Greens' boss saves voting machines from dump

Thursday October 11 2007

ENVIRONMENT Minister John Gormley has rejected calls to scrap the State's 7,500 unused electronic voting machines.

Despite pressure from the opposition, the Green Party leader said he would not be forced into a knee-jerk reaction to dispose of the machines.

"We need to ascertain whether electronic voting is effective and whether we can gain public confidence in it. We have spent approximately €51.3m on these machines."

The machines were not used during the general election due to fears about their security and the lack of a paper trail. They are costing about €700,000 a year to store at an army base in Gormanstown, Co Meath, and in rented locations around the country.
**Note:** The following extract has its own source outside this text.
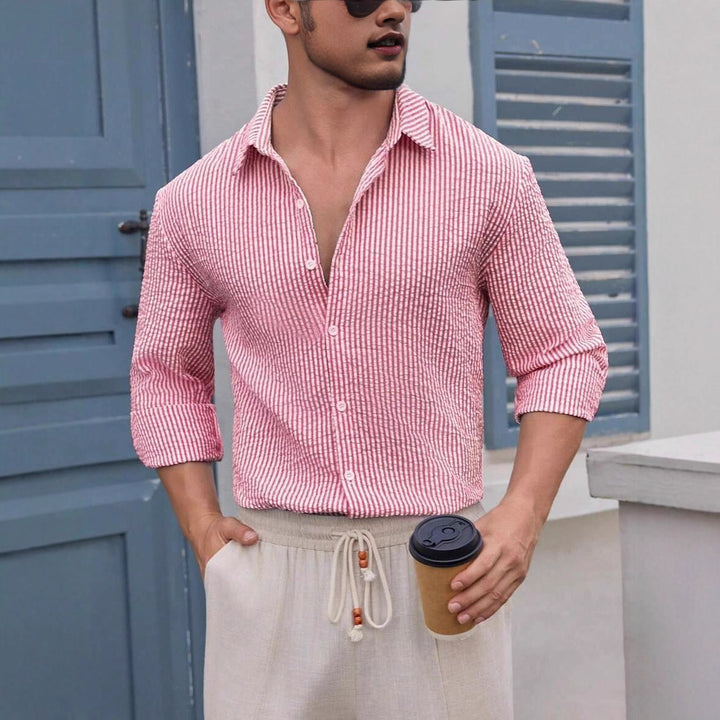 Herren Hemd mit schmalen Streifen Aliams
Fine Gael had called for the machines to be scrapped after a Dutch judge has ruled that the e-voting machines used in his country's November and March elections were not adequately authorised and that at least one type of machine was not certified.
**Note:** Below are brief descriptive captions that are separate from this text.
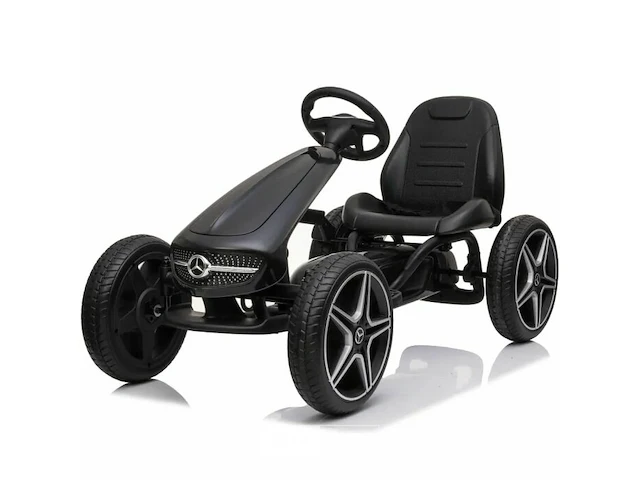 Licensed mercedes-benz pedal go kart black - afbeelding 1 van  3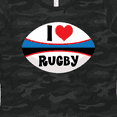 thumbnail image 4 of Inktastic I Love Rugby Sports Ball Women's T-Shirt, 4 of 5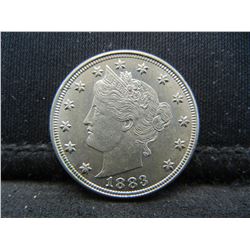 1883 Liberty Nickel Gem BU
During his first time taking questions as Environment Minister, Mr Gormley said the Commission on Electronic Voting had concluded last year that the e-voting machine could be used if their software was replaced and if further testing was carried out. He had not yet received an official translation of a Dutch report, which found that the electronic voting machines were not secure because they did not have a verifiable paper trail.

"I understand the committee which prepared the report was established after last year's Dutch elections and that the Dutch Parliament will discuss the report in early December."

Incredible

Fine Gael environment spokesman Phil Hogan described this as an incredible admission. "Does the minister not have any colleagues in the Netherlands who can appraise him of the situation or, more importantly, are there no translators in the entire apparatus of the Irish Government that can translate the report?"

The entire e-voting project had been ill-thought-out and mismanaged, he said.

"In light of the Dutch experience, where e-voting has firmly been abandoned, and the Irish experience, where millions has been wasted and there is zero public confidence, it is high time e-voting is dropped before another series of blunders results in more money being sent down the drain."